Some conflicts lend themselves to mediation. Mediation, when successful, results in a compromise that gives each party more than they had when they came into mediation. Each party leaves a good mediation feeling that they now have enough.
My mother always felt that my sister and her children were ungrateful. She felt this because none of them ever said thank you when my mother took them to dinner every week. It burned my mother that my sister had never taught her children to say the words “thank you, Grandma.”
My sister’s position was that parents and grandparents give things to children and grandchildren out of love, and not in expectation of a show of gratitude. It annoyed my sister that her mother expected a polite show of gratitude from children she considered perfect as they were.
In this situation, had they been willing, a mediator could have made a great difference. The issue was very clear, and how to improve the conflict was also clear.
For purposes of their grandmother only, my sister’s children could have started saying “thank you, Grandma.” It would have made a big difference.

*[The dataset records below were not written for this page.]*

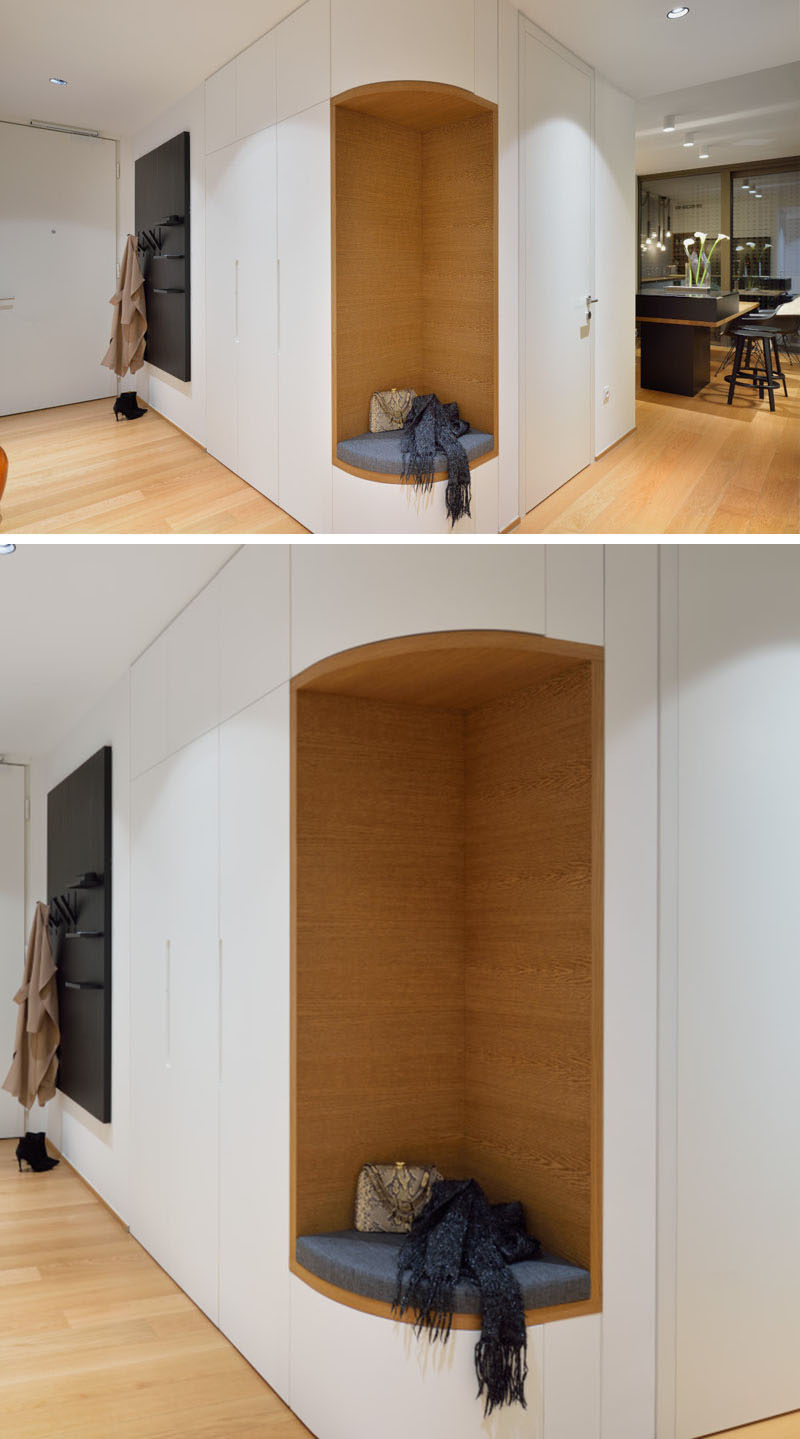 This entryway in a modern apartment has a small section of cabinets, however instead of the cabinets wrapping around the corner, the designers removed a section included a small seat with a cushion surrounded by wood, making it the ideal place to put your shoes on.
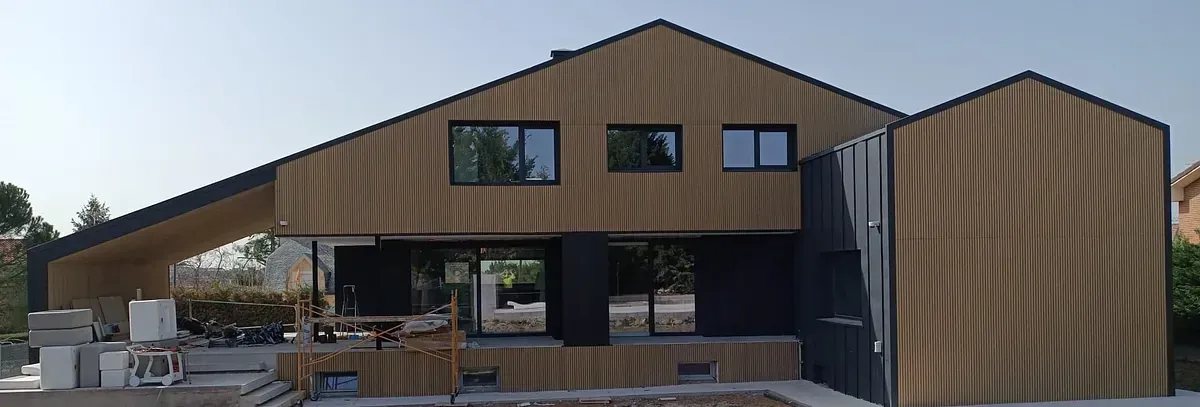 Se está construyendo una casa grande con muchas ventanas.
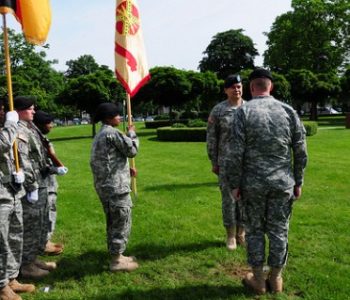 U.S. military members standing in a field in formation at USAG Heidelberg Army Base in Heidelberg, Germany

But, of course, my mother and my sister both insisted the other one would never agree to go to mediation and I dropped the idea after a while. The conflict lasted until the last days of my mother’s life.
In the situation where the conflict is “you hurt me” versus “no I did not, you fucking asshole,” I’m not sure what role a mediator would play, outside of hearing each party’s grievance against the other. Where is the mediated compromise in a conflict like this?